To block means that the process will stop executing here and goes to sleep until some condition is met. In the case of recv(), the process goes to sleep until there’s some data to receive.

So we have this problem where if we do something like this:

data1 = s1.recv(4096)
data2 = s2.recv(4096)
data3 = s3.recv(4096)

but there’s no data ready on s1, then the process will block there and not call recv() on s2 or s3 even if there’s data to be received on those sockets.

We need a way to monitor s1, s2, and s3 at the same time, determine which of them have data ready to receive, and then call recv() only on those sockets.

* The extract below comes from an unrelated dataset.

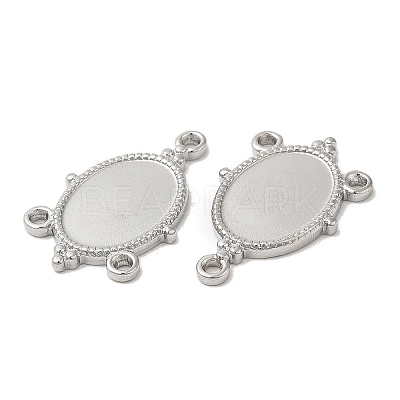 Non-Tarnish 304 Stainless Steel Cabochon Connector Settings STAS-L020-017P-1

The select() function does this. Calling select() on a set of sockets will block until one or more of those sockets is ready-to-read. And then it returns to you which sockets are ready and you can call recv() specifically on those.

29.2 Using select()

First of all, you need the select module.

import select

If you have a bunch of connected sockets you want to test for being ready to recv(), you can add those to a set() and pass that to select(). It will block until one is ready to read.

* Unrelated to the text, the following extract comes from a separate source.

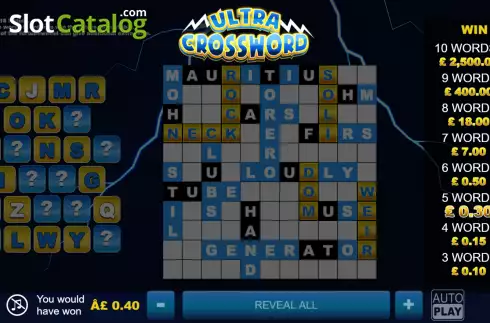 Οθόνη4. Ultra Crossword Κουλοχέρης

This set can be used as your canonical list of connected sockets. You need to keep track of them all somewhere, and this set is a good place. As you get new connections, you add them to the set, and as the connections hang up, you remove them from the set. In this way, it always holds the sockets of all the current connections.

Here’s an example. select() takes three arguments and return three values. We’ll just look at the first of each of these for now, ignoring the other ones.

read_set = {s1, s2, s3}

ready_to_read, _, _ = select.select(read_set, {}, {})

At this point, we can go through the sockets that are ready and receive data.

for s in ready_to_read:
    data = s.recv(4096)

29.3 Using select() with Listening Sockets

If you’ve been looking closely, you might have the following question: if the server is blocked on a select() call waiting for incoming data, how can it also call accept() to accept incoming connections? Won’t the incoming connections have to wait? Furthermore, accept() blocks… how will we get back to the select() if we’re blocked on that?

Fortunately, select() provides us with an answer: you can add a listening socket to the set! When the listening socket shows up as “ready-to-read”, it means there’s a new incoming connection to accept().

29.4 The Main Algorithm

Putting it all together, we get the core of any main loop that uses select():

add the listener socket to the set

main loop:

    call select() and get the sockets that are ready to read

    for all sockets that are ready to read:

        if the socket is the listener socket:
            accept() a new connection
            add the new socket to our set!

        else the socket is a regular socket:
            recv() the data from the socket

            if you receive zero bytes
                the client hung up
                remove the socket from tbe set!

29.5 What About Those Other Arguments to select()?

select() actually takes three arguments. (Though for this project we only need to use the first one, so this section is purely informational.)

They correspond to:

And the return values map to these, as well.

read, write, exc = select.select(read_set, write_set, exc_set)

But again, for this project, we just use the first and ignore the rest.

read, _, _ = select.select(read_set, {}, {})

29.5.1 The Timeout

I told a bit of a lie. There’s an optional fourth arguments, the timeout. It’s a floating point number of seconds to wait for an event to occur; if nothing occurs in that timeframe, select() returns and none of the returned sockets are shown as ready.

You can also specify a timeout of 0 if you want to just poll the sockets.

29.6 Reflect

29.7 Using select() with send()

If your computer tries to send too much too fast, the call to send() might block. That is, the OS will have it sleep while it processes the backlog of data to be sent.

But let’s say you really don’t want to have the call block and want to keep processing.

You can query with select() to make sure a socket won’t block with a send() call by passing a set containing the socket descriptor as the second argument.

And it’ll work in much the same way as the “ready to read” set works, above.